RFC 001: WASM UDFs #1

neumark · 2022-10-31T13:11:50Z

No description provided.

neumark · 2022-11-02T17:44:29Z

The biggest open question (assuming we go the WASI std{in, out} + MessagePack route) is where the type safety checking is.
Seafowl could continue to verify that the tuple being passed to the UDF has the expected type prior to invocation, but it might be more elegant to let the UDF do this: it's going to have to extract values from the MessagePack-encoded bytestream anyway, so the UDF logic can't be "type agnostic". From a user perspective, it doesn't matter much if Seafowl code blows up preventing UDF invocation or if the UDF code throws an error...
@mildbyte, @gruuya what's your take?

mildbyte · 2022-11-04T10:30:52Z

text/001-wasm-udfs.md

+   pointer and length in bytes of the segment to the function as arguments.
+   Unfortunately, only a single value may be returned by functions, so this
+   method only works for passing input.
+1. _Data serialization format_. Complex data types such as `DATE` or `TEXT`


I think the evaluation criteria and the "graduation exam" for any UDF interface (this includes argument/output serialization as well as any boilerplate "wrapper" code we need to make the guest function use) would be being able to:

...emit and receive Arrow data types like lists or Structs

They're not currently supported by DataFusion directly (it doesn't have support in SQL for building a Struct or a List, but can likely pass those from a Parquet file to the caller), but they can be useful in analytics:

aggregation functions like array_agg can output a List

JSON objects can be modelled as a Struct (though Structs have a fixed schema in Parquet/Arrow, I think Snowflake implements the VARIANT data type using those + some query planning tricks to merge schemas of disparate Structs, but my source for Snowflake using Parquet for storage is a single tweet, so I could be wrong)

...implement UDAFs

splitgraph/seafowl#105 They are mentioned in this RFC, but they have a difference from UDFs in that they are supposed to store state across batches (e.g. if I'm computing a sum, I need to keep the current running total in memory): https://docs.rs/datafusion/latest/datafusion/physical_plan/udaf/struct.AggregateUDF.html

...implement window and table-valued functions

Those aren't currently doable in DataFusion but we should keep those in mind. Interface-wise, a table-valued function will be able to return a tuple (or a vector of tuples, i.e. a full "slice/batch" of a table).
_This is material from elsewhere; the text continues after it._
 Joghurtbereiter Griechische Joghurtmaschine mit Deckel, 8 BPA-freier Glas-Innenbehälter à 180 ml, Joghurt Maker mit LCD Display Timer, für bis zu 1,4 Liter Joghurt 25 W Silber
I haven't researched window functions, but I think being able to maintain some state and accept/return a slice of a table should cover that.

text/001-wasm-udfs.md

mildbyte · 2022-11-04T12:43:43Z

text/001-wasm-udfs.md

+  transformation prevents us from using the original serialized Arrow data as
+  originally received. Theoretically, it could be possible to transpose the
+  columnar input to row-tuples but keep the serialization of individual scalar
+  values, but this seems a lot more complex than what its worth.


I want to explain/dig deeper into the Arrow IPC / Flight / direct Arrow array copy method for future reference.

Current proposal

I illustrated what the current proposal looks like:

To sum up:

The interface that DataFusion gives us (as a DataFusion UD(aggregation,window,table)F) is:

accept a vector of ColumnarValues (close to being a set of pointers to Arrow arrays with extra DataFusion metadata in the Seafowl process' heap memory)
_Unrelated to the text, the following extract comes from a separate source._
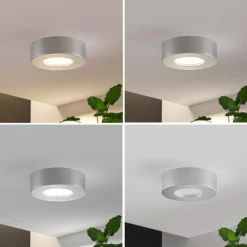 PRIOS Loftlamper > LED-loftlampe Edwina, sølv, 12 cm, sæt med 3 stk
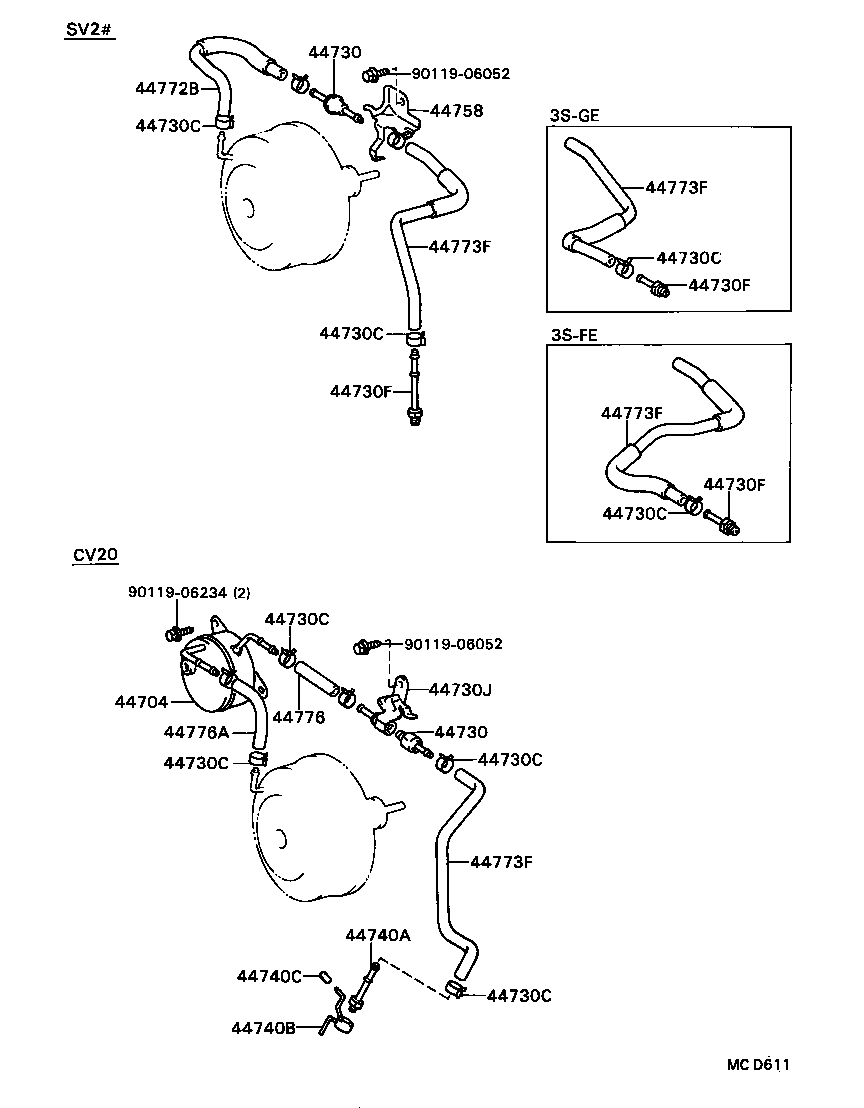  CAMRY VISTA |  BRAKE BOOSTER VACUUM TUBE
return a ColumnarValue (an Arrow array with results from this batch)

for some UDFs flavours, we might need to return a vector of ColumnarValues or return more than one vector (e.g. the aggregate UDF "accumulation state")

We transpose the vector of ColumnarValues (column-oriented) into an iterator of tuples (row-oriented)

We use msgpack to serialize/deserialize these into a language-independent binary blob

We use WASI stdin/stdout to pass/receive the binary blob to the guest

The guest function can be written in any language that:

compiles to wasm-wasi

can read/write to stdin/stdout

can serialize/deserialize msgpack

Arrow proposal

Here's the Arrow proposal as I understand it:

We copy the Arrow arrays directly from DataFusion's ColumnarValue structs into the WASM linear memory

This exploits the fact that the Arrow representation is language-independent. Although this might not be true, see the ominous "This design also restricts the C Data Interface to in-process data sharing. For interprocess communication, we recommend use of the Arrow IPC format." here).

We pass an array of pointers to those Arrow arrays to the WASM guest function

Vaguely, we can pass an array to WASM as an i32 memory offset + i32 length. This is something that might not be trivial to do in a language-independent way.

The guest function:

iterates through those arrays using its own copy of the Arrow library (which converts Arrow values to the language-specific representation)

does the actual computation

writes the result out to construct a new Arrow array (in the WASM linear memory)

returns a pointer to this array

We copy the array out of the WASM memory into Seafowl's heap memory, producing an output ColumnarValue that we return to DataFusion

This eliminates the overhead from:

host-side conversion between Arrow and msgpack (the guest-side deserialization still happens, but it's now from Arrow to the guest-side representation of a value)

Using WASI stdin/stdout to pass an arbitrary binary buffer to the WASM guest (direct memory copy instead)

Invoking the WASM function for every tuple (instead of for a batch of tuples)

This comes at the cost of requiring the function writer to (statically or dynamically) link to the Arrow library.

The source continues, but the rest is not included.